In talks with Serbian leaders, they heard their proposition for controlled autonomy instead of independence as request by the province’s ethnic Albanian majority.
Belgrade has also rejected a plan for independence under EU supervision proposed by the UN which has administered the province since the end of the war in 1999.
Along the border between Serbia and Kosovo, thousands of Serbs displaced since the conflict have gathered under makeshift tents in a bid to send a message to the visiting delegation.
“Today, the conditions aren’t right for us to go back,” said one refugee. “If they were, we would return. I don’t want to live in Serbia. My home is over there, in Kosovo. I was born there and I want to be free to go back and live my life there.”
Many Serbs remaining in Kosovo live in isolated enclaves under NATO protection.

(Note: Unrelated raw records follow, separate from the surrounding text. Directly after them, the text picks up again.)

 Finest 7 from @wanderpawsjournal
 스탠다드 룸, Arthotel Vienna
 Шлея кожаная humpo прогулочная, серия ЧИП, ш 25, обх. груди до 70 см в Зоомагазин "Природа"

The mission will take the UN ambassadors to both Kosovo Albanian communities and Serb enclaves.
There will also be talks with leaders from both sides, including the province’s president Fatmir Sejdiu who says they want to inform the Security Council about Kosovo’s needs. He hopes a new resolution will be drawn up as soon as possible.
Veto-wielding Russia which backs Serbia has threatened to block a Security Council vote on granting Kosovo independence. But some analysts don’t believe that will stop its Albanian majority from declaring independence, in a move which could destabilize the whole region once again.